Utility costs are squeezing New Yorkers after officials decided to shut down a nuclear plant, and criticism over the move is piling up.
Indian Point Energy Center had supplied 25 percent of electricity to people in New York City and Westchester County, but the plant was closed in 2021 after environmental activists opposed it, the New York Post reported Tuesday.
Gov. Kathy Hochul (D) was former Gov. Andrew Cuomo’s lieutenant governor when the plant was shut down on his watch.
Now, critics are saying it was the wrong move, and former Republican Westchester County Executive Rob Astorino, who filed a lawsuit to keep the facility running, blamed Democrat leadership.
“It was the safest nuclear power plant in the country. Closing it was ridiculous and insane — and now we’re paying the price,” he explained, adding its clean energy was replaced with natural gas which increases carbon emissions the Climate Change and Community Protection Act of 2019 aims to stop.
Astorino said, “The Democrats in charge — from Cuomo to Hochul to legislators — made this mess.”
In 2023, a study found New York’s change to green energy was going to increase costs for residents, per Breitbart News.
Meanwhile, the Daily News reported Tuesday that “Implementing the state’s aggressive climate laws could cost the average Upstate household more than $4,100 annually, according to the New York State Energy Research and Development Authority.”
“In a memo detailing the projected costs associated with the Climate Leadership and Community Protection Act, the authority said Upstate New Yorkers who own two cars and heat their homes with fuel oil will be the hardest hit under the act, which sets carbon emissions targets to be reached by 2030,” the article said.

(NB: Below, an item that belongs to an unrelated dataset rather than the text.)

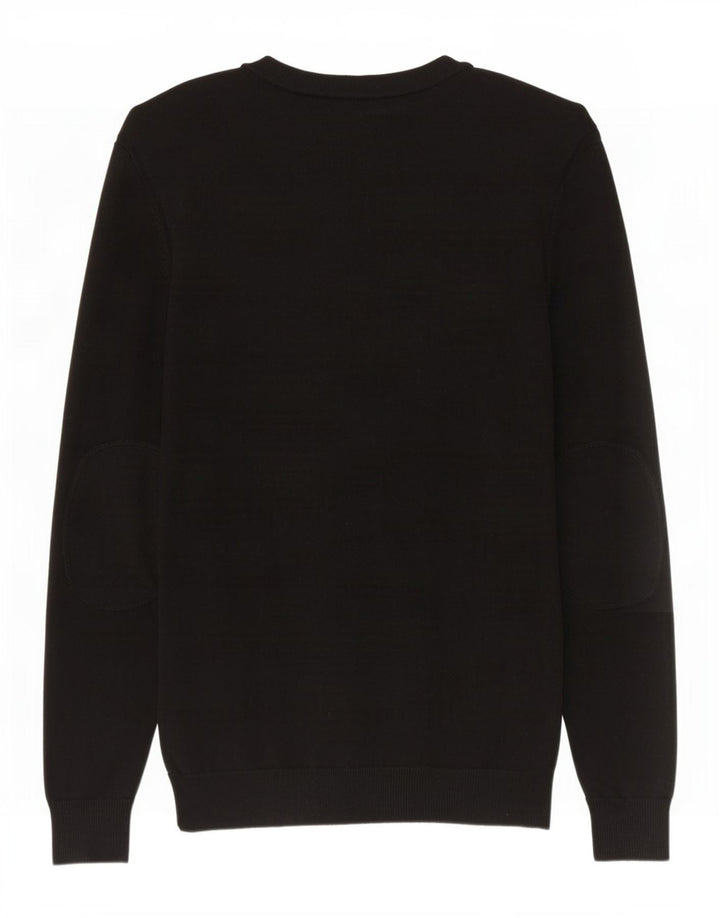 Pulover cardigan pentru bărbați Jack & Jones, bumbac mediu negru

New York officials in June moved to build the first major U.S. nuclear facility in over a decade, the news coming after Trump signed executive orders regarding nuclear energy, Breitbart News reported.

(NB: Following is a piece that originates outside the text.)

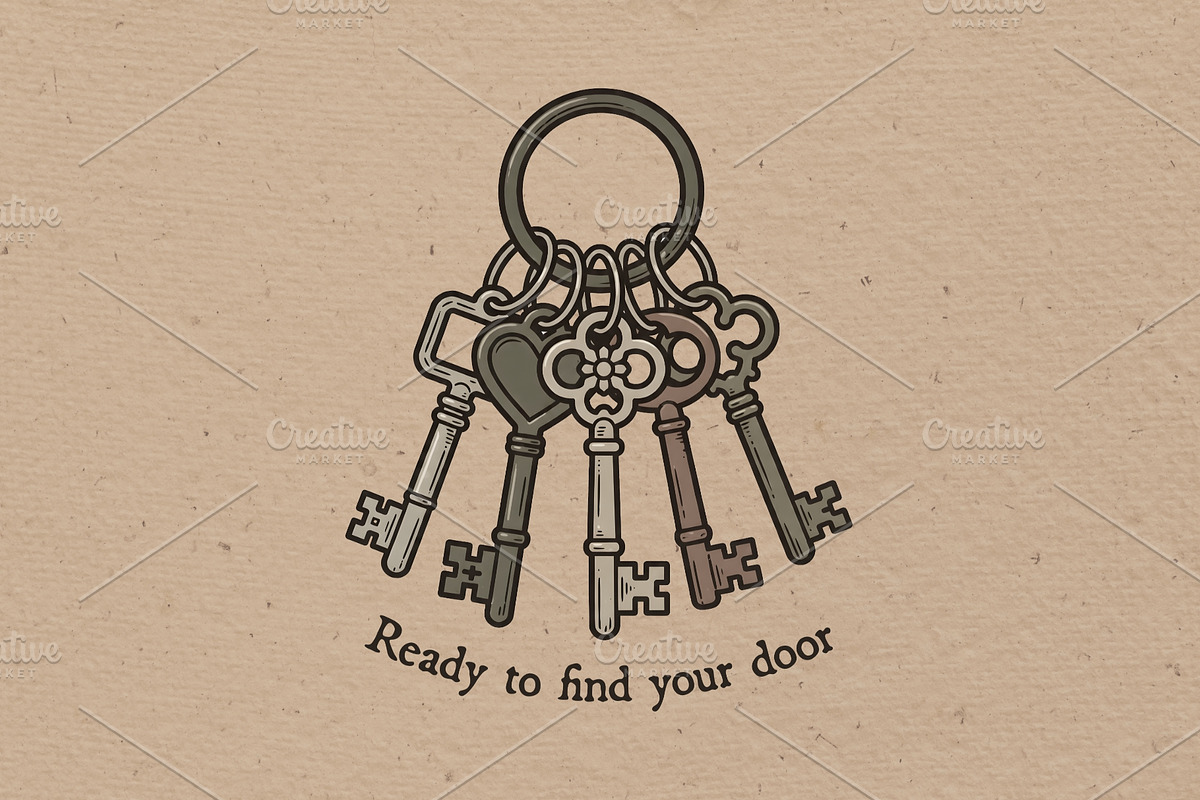 Ready to find your door, an Object Illustration by Vectorlina (Photo 1 of 4)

“The New York project offers an early test of Trump’s sweeping executive orders, which call for nothing short of a nuclear revival. From slashing red tape on reactor approvals to fueling AI data centers and military bases with next-generation power, the orders lay out a blueprint to triple U.S. nuclear capacity by 2050. They also aim to jumpstart fuel recycling, boost uranium production at home, and train a new generation of nuclear workers,” the article read.
“While nuclear energy has long been a target of environmentalist scorn, painted as dangerous and outdated, recent years have forced a reckoning. Blackouts, surging electricity prices, and the limitations of wind and solar energy have prompted a growing number of leaders to reevaluate their energy stances,” it stated.